Im 19. Jahrhundert bildete die Textilindustrie die wichtigste Einnahme in diesem Gebiet. Der Rundwebstuhl wurde im „Talgang“ entwickelt, und die Orte lebten fast nur vom Textilgewerbe. Die Entwicklung der Industrie wurde durch das Fehlen einer Eisenbahnverbindung stark gebremst.
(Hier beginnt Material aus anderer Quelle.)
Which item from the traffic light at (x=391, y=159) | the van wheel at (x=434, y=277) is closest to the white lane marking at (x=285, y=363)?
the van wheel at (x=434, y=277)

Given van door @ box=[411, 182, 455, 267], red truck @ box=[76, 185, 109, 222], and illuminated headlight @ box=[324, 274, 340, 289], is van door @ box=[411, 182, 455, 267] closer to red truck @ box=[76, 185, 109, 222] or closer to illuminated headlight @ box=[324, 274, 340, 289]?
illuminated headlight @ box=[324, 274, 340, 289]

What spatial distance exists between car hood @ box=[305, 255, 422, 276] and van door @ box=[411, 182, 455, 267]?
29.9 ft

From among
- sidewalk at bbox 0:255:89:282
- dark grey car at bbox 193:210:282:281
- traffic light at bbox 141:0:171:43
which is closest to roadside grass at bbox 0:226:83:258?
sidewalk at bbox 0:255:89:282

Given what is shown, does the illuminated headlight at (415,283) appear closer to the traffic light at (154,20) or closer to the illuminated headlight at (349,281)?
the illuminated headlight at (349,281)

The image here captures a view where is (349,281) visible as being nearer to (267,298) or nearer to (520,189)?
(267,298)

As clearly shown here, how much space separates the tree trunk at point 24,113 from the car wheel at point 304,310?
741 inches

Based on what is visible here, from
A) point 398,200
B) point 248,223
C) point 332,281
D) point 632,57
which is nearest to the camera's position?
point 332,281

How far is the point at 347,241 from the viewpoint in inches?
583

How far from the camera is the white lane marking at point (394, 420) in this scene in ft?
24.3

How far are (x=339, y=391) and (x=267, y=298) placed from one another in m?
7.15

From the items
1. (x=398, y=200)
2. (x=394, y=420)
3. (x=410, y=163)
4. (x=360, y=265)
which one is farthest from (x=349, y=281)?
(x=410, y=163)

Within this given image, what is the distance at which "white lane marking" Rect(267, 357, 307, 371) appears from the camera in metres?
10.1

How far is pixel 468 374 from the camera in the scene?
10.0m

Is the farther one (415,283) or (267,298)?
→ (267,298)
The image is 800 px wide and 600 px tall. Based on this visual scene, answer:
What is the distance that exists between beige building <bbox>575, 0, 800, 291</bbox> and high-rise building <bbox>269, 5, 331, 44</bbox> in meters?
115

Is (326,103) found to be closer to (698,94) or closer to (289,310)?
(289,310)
Im Jahre 1878 wurde die Staatbahnstrecke Balingen – Ebingen eröffnet, diese bald bis Sigmaringen verlängert; das Schmiechatal war jedoch noch immer nicht an die „restliche Welt“ angebunden. Die Produkte wurden mit Pferde- oder Ochsengespannen nach Ebingen transportiert, was den direkt an der Staatsbahn gelegenen Unternehmen natürlich einen Vorsprung vor ihren Konkurrenten verschaffte.

Im Mai 1889 reichten Vertreter der Gemeinden Onstmettingen, Tailfingen und Truchtelfingen an die Abgeordnetenkammer die Bitte ein, eine Eisenbahnstrecke von Ebingen nach Onstmettingen zu bauen.
Obwohl die Strecke von der Kgl. Zentralstelle für Handel und Gewerbe befürwortet wurde, lehnte der württembergische Staat den Bau ab, da er befürchtete, dass die Strecke keinen Gewinn abwerfe.
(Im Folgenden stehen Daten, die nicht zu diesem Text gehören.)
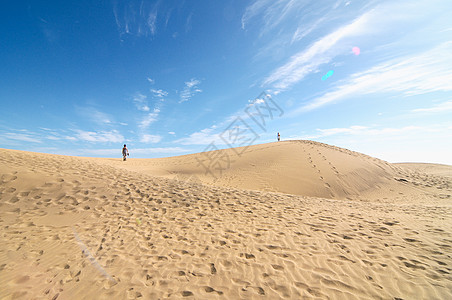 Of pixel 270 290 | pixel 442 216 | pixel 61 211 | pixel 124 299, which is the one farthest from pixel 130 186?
pixel 442 216

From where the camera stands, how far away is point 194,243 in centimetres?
509

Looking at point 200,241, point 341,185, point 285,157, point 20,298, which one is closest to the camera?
point 20,298

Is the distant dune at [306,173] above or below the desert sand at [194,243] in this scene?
above

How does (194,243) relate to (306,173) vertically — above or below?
below

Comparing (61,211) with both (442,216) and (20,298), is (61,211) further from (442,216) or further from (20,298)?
(442,216)

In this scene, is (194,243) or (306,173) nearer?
(194,243)

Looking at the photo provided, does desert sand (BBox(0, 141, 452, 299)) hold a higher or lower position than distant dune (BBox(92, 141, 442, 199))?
lower

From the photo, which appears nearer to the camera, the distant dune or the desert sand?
the desert sand

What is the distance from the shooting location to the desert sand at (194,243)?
339cm

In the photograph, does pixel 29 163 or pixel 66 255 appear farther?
pixel 29 163

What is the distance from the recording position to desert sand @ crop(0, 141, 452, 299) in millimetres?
3387

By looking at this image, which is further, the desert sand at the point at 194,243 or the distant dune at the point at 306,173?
the distant dune at the point at 306,173

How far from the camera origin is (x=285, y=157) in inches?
719

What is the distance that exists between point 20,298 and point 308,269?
17.7ft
Die Situation wurde immer unbefriedigender, und so bildete sich im Jahre 1897 in Onstmettingen ein Eisenbahnkomitee unter dem Fabrikanten Conzelmann zur Rose. Ausser diesem waren elf weitere Fabrikanten, drei Schultheissen und einige Gemeinderäte im Komitee.
Die neu ausgearbeitete Eingabe des Komitees wurde am 29.01.1897 an die Generaldirektion der Königlich Württembergischen Staatseisenbahn (KWStE) gerichtet. In der Eingabe sind interessante Details der damaligen Industrie im Talgang aufgeführt:

Die Industrie im Talgang Stand 29.01.1897
(laut der Eingabe an die KWStE)

  • Onstmettingen
    • 1 größere Trikotagenfabrik
    • 6 feinmechanische Werkstätten
  • Tailfingen
    • 10 Trikotfabriken mit Motor- und Dampfbetrieb
    • 30 Trikotfabriken mit Handbetrieb
  • Truchtelfingen
    • 2 Trikotfabriken mit Dampfbetrieb
    • 3 Trikotfabrien mit Handbetrieb
  • Täglich fahren 150 Arbeiter aus Onstmettingen, Tailfingen und Truchtelfingen nach Ebingen

Schon knappe sechs Wochen nach der Eingabe, am 15. März 1897 kam die Antwort aus Stuttgart, dass der Bearbeitung des Projektes keine Hindernisse im Wege ständen.
Dieser Sinneswandel in Stuttgart kann nur damit erklärt werden, dass der Staat Württemberg einige Jahre vorher vom reinen Staatsbahnprinzip Abstand genommen hatte und somit auch private Unternehmen zum Bahnbau und -betrieb zugelassen waren. Dies war auf Betreiben des damaligen Staatsrates von Balz geschehen.

Im Juli 1899 waren die Planungen und Verhandlungen für den Bau abgeschlossen und die Staatsregierung legte der Abgeordnetenkammer den Gesetzentwurf vor.
Dieser sah für den Bau und den Betrieb der Strecke die erst 1899 neu gegründete WEG (Württembergische Eisenbahn Gesellschaft) vor.
Der Bau konnte im Frühjahr 1900 in Angriff genommen werden.

Die gesamte Trassierung erwies sich als ziemlich problemlos, lediglich in Ebingen musste die Trasse über einen 275 Meter langen Viadukt geführt werden, der sogar in einer langen Linkskurve lag. Hinzu kam noch, dass ein Haus dem Viaduktbau im Wege stand. Dieses Haus wurde wurde jedoch nicht abgerissen, sondern verschoben und auf ein neues Fundament gesetzt.
Nach etwas mehr als einem Jahr wurde im Juli 1901 die Strecke polizeilich abgenommen und eröffnet.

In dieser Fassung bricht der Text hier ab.